There is a child, Adalia Rose, who has progeria. It is a disorder that makes her look very strange. Google her. People post on her FaceBook page that she's beautiful. Of course, beauty is in the eye of the beholder, but I don't think she's beautiful. I think she's charming, clever, interesting, funny, and when she dances on a video for us it makes my soul warm just watching her. I think all of that far outweighs what she looks like. She is simply wonderful.

That's what I want to aspire to -- I want to be wonderful. I want to be fun and funny and up for adventure. I want to be fit and healthy and a great mom.

I wish for a day to come when 'She has a great personality' isn't a euphemism for 'she's ugly.'

  
  Member Comments About This Blog Post:

JUSTYNA7 3/22/2014 2:46PM

    I feel beautiful when I have accomplished something amazing... like carrying a canoe by myself or finishing playing a harp piece well. I felt beautiful on my wedding day not because of what I was wearing, my hair or who was watching but because I was going to join the man I loved and become one unit, one being in partnership and goals... for the rest of my life. So when I look in the mirror I don't see the freckles or the apron belly or the toned shoulders... except for what those represent... the adventures outdoors, the three children I've raised, the hard work I've done exercising. If someone were to look at me briefly and judge that I am beautfiul or not I would be disappointed because if they KNEW the real me they could see the beautiful woman I am.

There were many years when I had a lot of shame, a lot of disappointment in myself. Back then it did not matter what anyone would say because when I looked in the mirror I saw my flaws and holes and shortcomings. I saw all the bad things I had done. Food and my body were proof... I am so happy that I have come so far from that place and I feel for people still struggling. Every day making one good choice towards being healthy is a reflection of my inner beauty. Thank you for sharing this blog.

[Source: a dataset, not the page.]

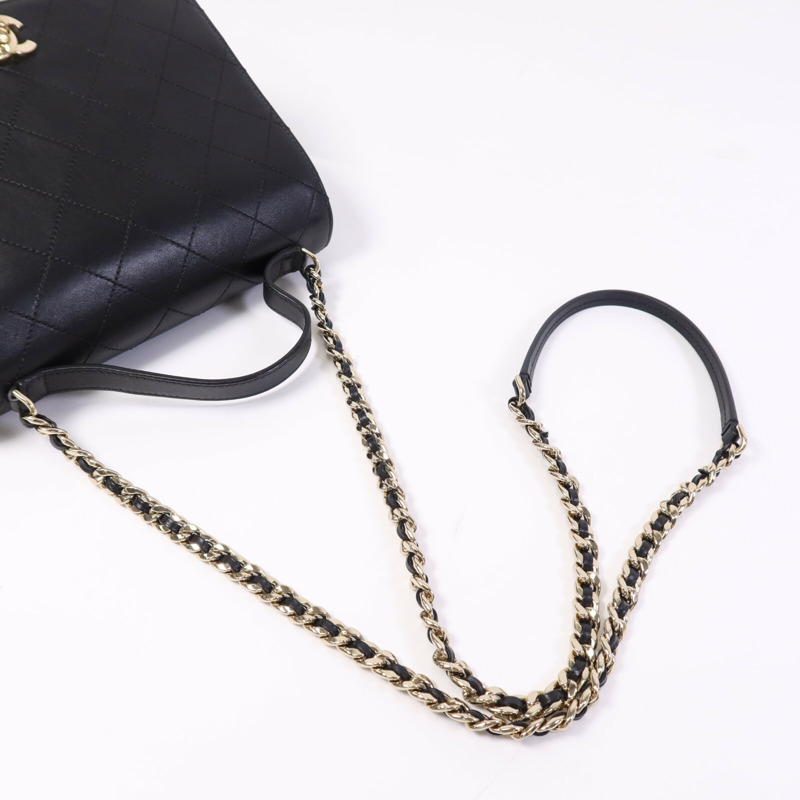 CHANEL 羊皮皮革Chain Shoulder Bag金扣鏈帶肩背袋-9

Report Inappropriate Comment
AJDOVER1 3/21/2014 11:28AM

    Love your blog! emoticon
Most of the time I just don't get the so-called "universal beauty standards." I've gotten totally confused watching old romantic comedy movies because I simply don't get which actress is supposed to be the "pretty" one and which is the "ugly" one. I thought they were ALL pretty compared to me.

Report Inappropriate Comment
1CRAZYDOG 3/20/2014 9:39PM

    It's kind of how I feel about the work "normal". What the heck is that???? Who determines it!???? Beauty is the same way . . . and beauty definitely is in the eye of the beholder.

I agree that the messages we have to start by teaching our sons and daughters to be more mindful by just the actions you stated, and for sure, start with NOT spending your $$$ on products that are irresponsibly advertised.





Report Inappropriate Comment
JAYDEE16 3/20/2014 9:32PM

    I must interject, Mr. Dudes. While I agree that we are biologically predisposed to prefer certain traits that suggest health and fertility, the modern standard of "beauty" is only a reflection of health if we assume that we are looking in a fun house mirror. When even models are airbrushed and photo shopped nearly universally, how can we blame evolutionary biological instincts?
Casey, this is a marvelous post and you are a marvelous and fascinating person. I don't give two hoots what you look like. :)

Report Inappropriate Comment
ONEKIDSMOM 3/20/2014 7:39PM

    Perhaps vocabulary is the issue... beauty is a fuzzy concept, and standards for the characteristics considered "beautiful" vary by culture and era. But you are right that it has been over-valued. Some of the most wonderful people I know were beautiful people who did not recognize their own beauty, but were as humble and insecure as I was... I was astounded to discover this.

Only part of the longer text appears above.